正確には、三度目だと知ったのは失恋処置センターの受付AIだった。

〈過去二回、同一人物に関する感情緩和を実施しています〉

冬路には記憶があった。大学の同期・蕗子と付き合い、別れたことも覚えている。ただし胸の痛みだけが消されていたため、別れた理由は古い映画のあらすじのように現実味がなかった。

一度目は、蕗子が連絡を無視する冬路に疲れた。処置後、彼は反省したつもりで花を持って謝り、やり直した。

二度目は、冬路が仕事を優先し続けた。処置後、彼は寂しさを忘れたぶん明るくなり、蕗子は「変わったかもしれない」と戻ってきた。

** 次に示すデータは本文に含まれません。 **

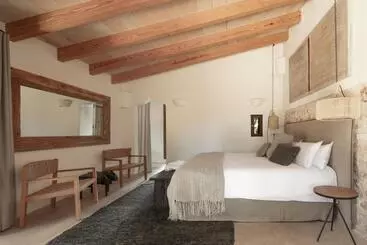 Agroturismo Son Fogueró   Adults Only - Maria de la Salud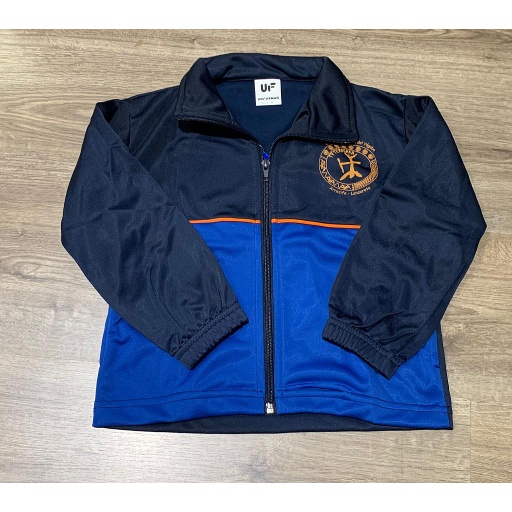 [UFCP008] CHAQUETA CAPELLANIA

三度目、蕗子は引っ越しの段ボールを閉じながら言った。

「あなたは別れるたび元気になる。私は二人分、傷ついたままなのに」

冬路は彼女を失う悲しみを感じた。その痛みを消せば、また同じ笑顔で訪ねてしまう気がした。

受付AIは処置を勧めた。

〈就労への影響、睡眠障害、自傷リスクを低減します〉

「痛いままだと、何か変わりますか」

〈変化は保証できません〉

「じゃあ、消したら?」

〈苦痛は軽減します〉

冬路は処置を断った。

最初の一か月は惨めだった。通勤電車で蕗子に似た髪を見て降り損ね、二人で買った皿を洗えず、仕事の期限を落とした。友人は「また治してもらえ」と言った。

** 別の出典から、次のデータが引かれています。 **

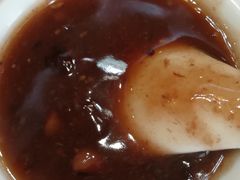 金牌红豆粥-葛记焖饼(伏牛路店)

だが痛みは、別れの場面だけでなく、その前に自分が何をしていたかも連れてきた。蕗子からのメッセージを後回しにした夜。話を聞きながら端末を見た癖。謝れば関係は初期化できると思っていた甘え。

冬路は復縁を求めず、一通だけ手紙を書いた。

〈もう一度選んでほしいとは言わない。あなたが三回苦しんだことを、今回は忘れない〉

返事はなかった。

一年後、冬路は別の人と付き合い始めた。喧嘩をした夜、処置センターの広告が端末に表示された。彼は削除し、翌朝、気まずさを抱えたまま会いに行った。

「まだ怒ってる?」と尋ねると、恋人は「かなり」と答えた。

「よかった」

「何が?」

「消さずに済む話なら、まだ続きがある」

冬路は痛みを大切だとは思わない。できれば少ないほうがいい。ただ、痛みが知らせた自分の癖を、もう誰か一人に繰り返し背負わせたくなかった。